Instructions for the task:
Keep each entry exactly as written when you repeat it, and skip the images.

--

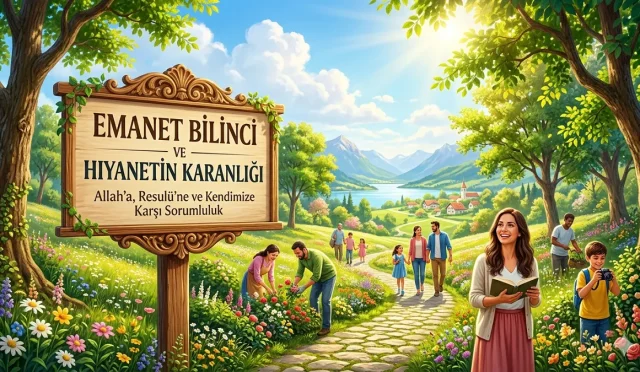 Çoğu insan hıyaneti sadece bir malı çalmak sanır. Oysa en büyük ihanet, farkında olmadan her gün "kendi ruhumuza" karşı işlediğimizdir. Allah’a ve Resulü’ne karşı küçük bir ihmalle başlayan o gizli sızı, nasıl olur da bir toplumun güvenini, vatan sevgisini ve aile bağlarını temelinden sarsan dev bir "fitneye" dönüşür?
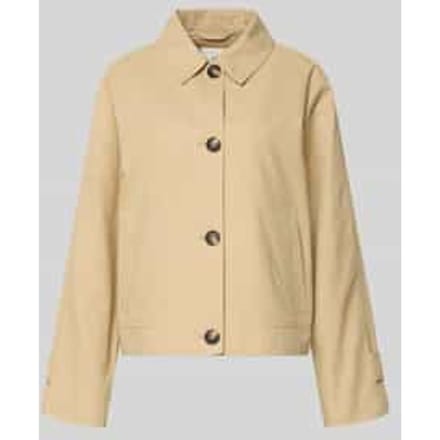 Regular fit Trenchcoat van Mix van katoen en lyocell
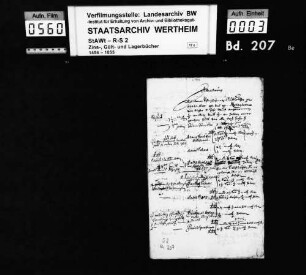Abrechnung mit denen Uissigheimer Gültleuten pro annis 1647, 1648 und 1649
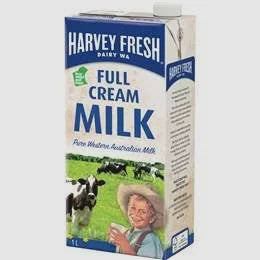 Harvey Fresh Full Cream Milk UHT BOX OF 12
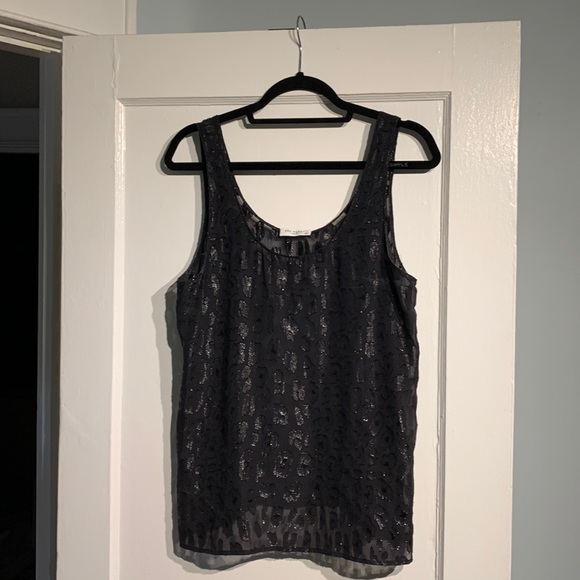 🌟Host Pick 🌟 Equipment ‘Kaylen’ metallic silk-blend jacquard tank - Picture 6 of 6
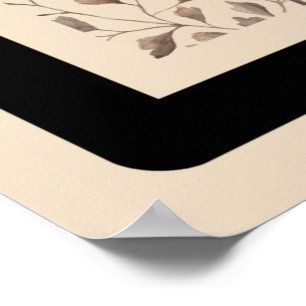 Minimale Oasis Floral Pattern Canvas afdrukken Poster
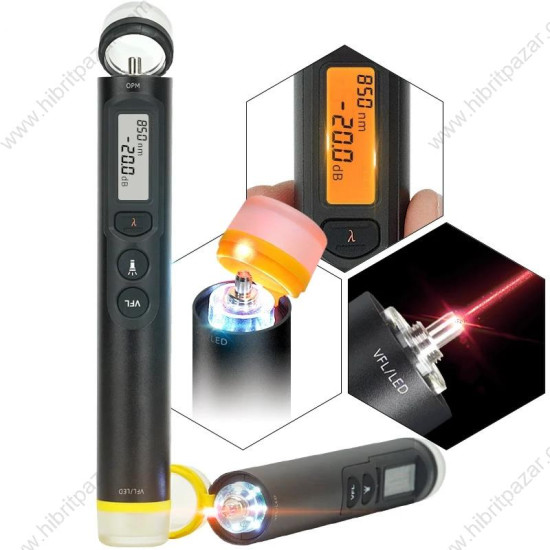 OFW FWV-05C Fiber Optik Güç Ölçer (Powermetre) ve Görsel ışık kaynağı (VFL)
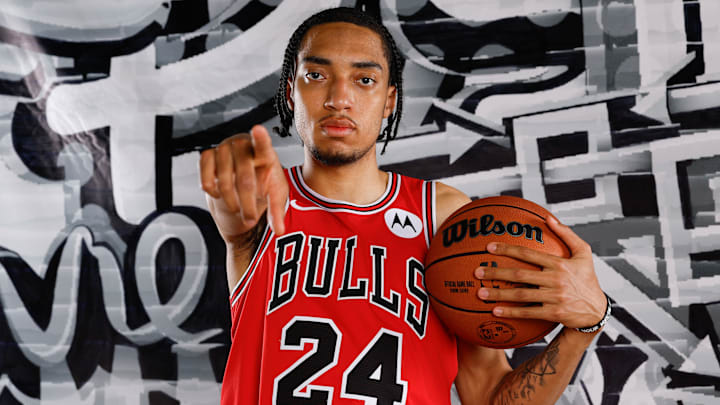2025 NBA Rookie Photo Shoot, Noa Essengue Chicago Bulls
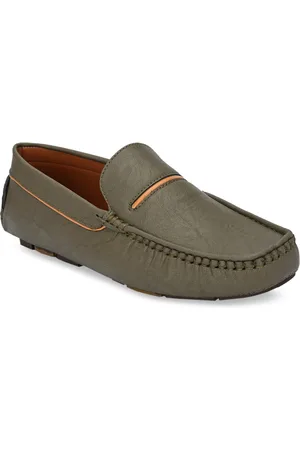 Mast & Harbour Men Olive Loafers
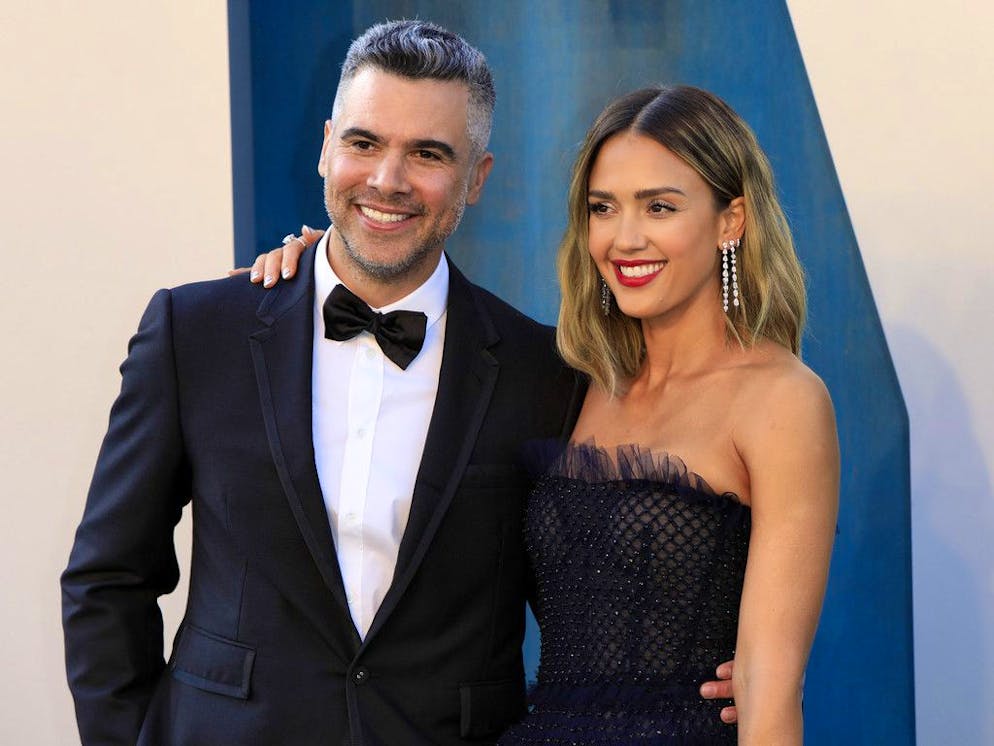 Jessica Alba con Cash Warren.
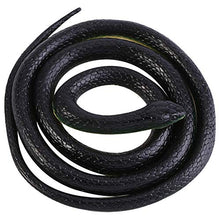 Load image into Gallery viewer, Realistic Black Rubber Snake, 30cm Long Snake Fake Mamba Snake Toys, Halloween Decoration for Joke, Garden Props, Prank, Halloween Party
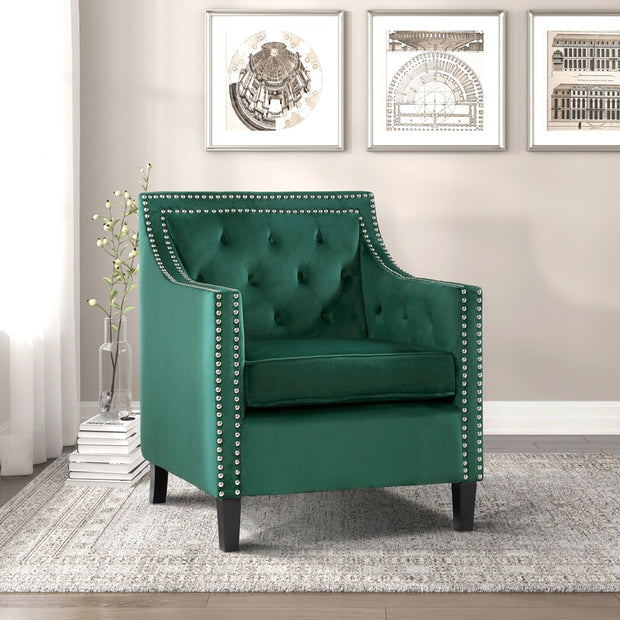 1297FG Green Accent Chair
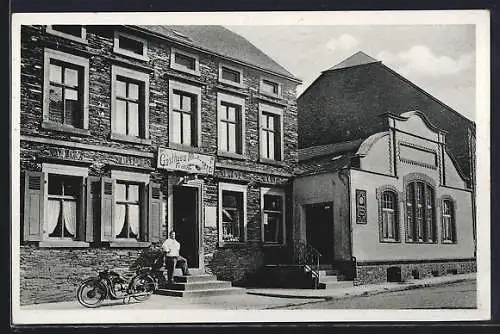 AK Neumagen, Gasthaus zum Moseltal, Bes. Franz Arz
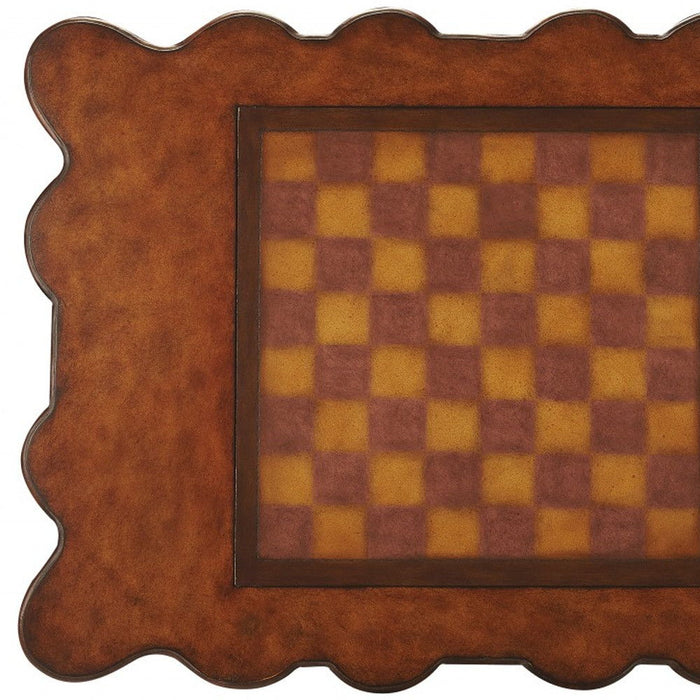 Traditional Game Table - Brown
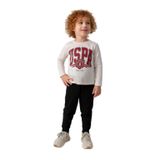 U.S. Polo Assn. U.S. Polo Assn Erkek Çocuk Pijama Takımı, 9-10 Yaş, US1578-C-V2, Beyaz, erkek-çocuk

--

Written answer:
 Çoğu insan hıyaneti sadece bir malı çalmak sanır. Oysa en büyük ihanet, farkında olmadan her gün "kendi ruhumuza" karşı işlediğimizdir. Allah’a ve Resulü’ne karşı küçük bir ihmalle başlayan o gizli sızı, nasıl olur da bir toplumun güvenini, vatan sevgisini ve aile bağlarını temelinden sarsan dev bir "fitneye" dönüşür?
 Regular fit Trenchcoat van Mix van katoen en lyocell
Abrechnung mit denen Uissigheimer Gültleuten pro annis 1647, 1648 und 1649
 Harvey Fresh Full Cream Milk UHT BOX OF 12
 🌟Host Pick 🌟 Equipment ‘Kaylen’ metallic silk-blend jacquard tank - Picture 6 of 6
 Minimale Oasis Floral Pattern Canvas afdrukken Poster
 OFW FWV-05C Fiber Optik Güç Ölçer (Powermetre) ve Görsel ışık kaynağı (VFL)
2025 NBA Rookie Photo Shoot, Noa Essengue Chicago Bulls
 Mast & Harbour Men Olive Loafers
 Jessica Alba con Cash Warren.
 Load image into Gallery viewer, Realistic Black Rubber Snake, 30cm Long Snake Fake Mamba Snake Toys, Halloween Decoration for Joke, Garden Props, Prank, Halloween Party
 1297FG Green Accent Chair
 AK Neumagen, Gasthaus zum Moseltal, Bes. Franz Arz
 Traditional Game Table - Brown
 U.S. Polo Assn. U.S. Polo Assn Erkek Çocuk Pijama Takımı, 9-10 Yaş, US1578-C-V2, Beyaz, erkek-çocuk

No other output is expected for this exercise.